Greek Lessons
- First English edition
- Author: Han Kang
- Language: Korean
- Published: 2011 (Munhakdongne) (Korean); 2017 (Plumes) (French); 2023 (Pax) (Norwegian); 2023 (Hogarth) (English); 2023 (Random House) (Spanish); 2023 (La Magrana) (Catalan);
- Publication place: South Korea
- Pages: 194 (1st Korean edition)
- ISBN: 9788954616515

= Greek Lessons =

2011 novel by Han Kang

Greek Lessons (희랍어 시간) is a 2011 novel by South Korean author Han Kang. Published in South Korea on November 10, 2011, the book received an English-language release on April 18, 2023 by Hogarth Press. The novel was translated into English by Deborah Smith and Emily Yae Won.

== Plot ==
A young, recently mute woman begins taking a class in Ancient Greek in an effort to reclaim language in some way. Her teacher, who is slowly going blind, draws closer to her over the course of their classes. As they become more intimately connected, they explore their inner pains and tensions together.

== Development ==

=== Publication history ===
Greek Lessons was first published in South Korea on November 10, 2011, by Munhakdongne. The English-language edition, translated by Deborah Smith and Emily Yae Won, was published by Hogarth Press on April 18, 2023.

== Reception ==
Publishers Weekly and Kirkus Reviews both published positive reviews praising the narrative and Han's prose. The San Francisco Chronicle described Han as "one of the most unconventional, perceptive, and truly innovative writers publishing today" in a positive review, while The Los Angeles Times praised her for "writing into discomfort." Em Strang wrote in The Guardian that translating the book into English was a benefit as it highlighted the book's thematic exploration of language. TIME named the book one of the 100 must-read books of 2023, calling it a "profoundly sad yet hopeful look at the connection that comes with shared language—even when it is not spoken."
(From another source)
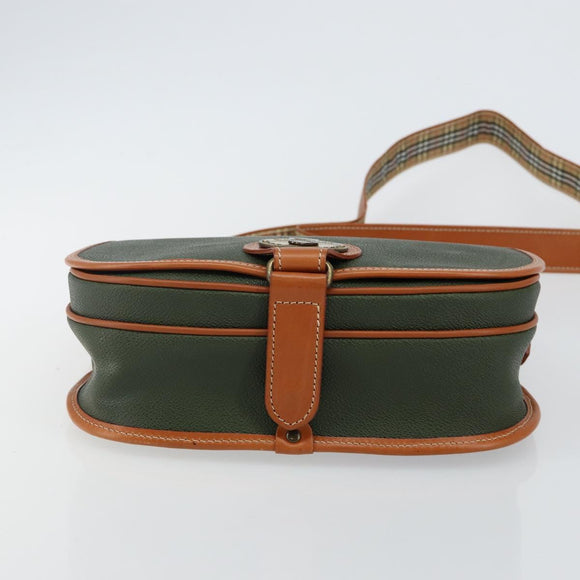 Burberrys Shoulder Bag Leather Green Gold Auth BA5978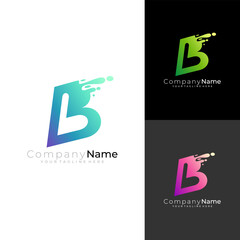Simple letter B logo with colorful design vector, set letter B icon business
Idra Novey, writing for The New York Times Book Review, praised Han's character work and the novel's themes yet noted that Han's "voice seem[ed] less certain" than in her previous work. In contrast, The Times Alice O'Keefe was more critical, writing that Han's language could be "beautiful and surprising" yet criticizing the novel's dark tone. A review in The Wall Street Journal concurred, arguing that the novel's existential themes were better handled in her previous book The Vegetarian.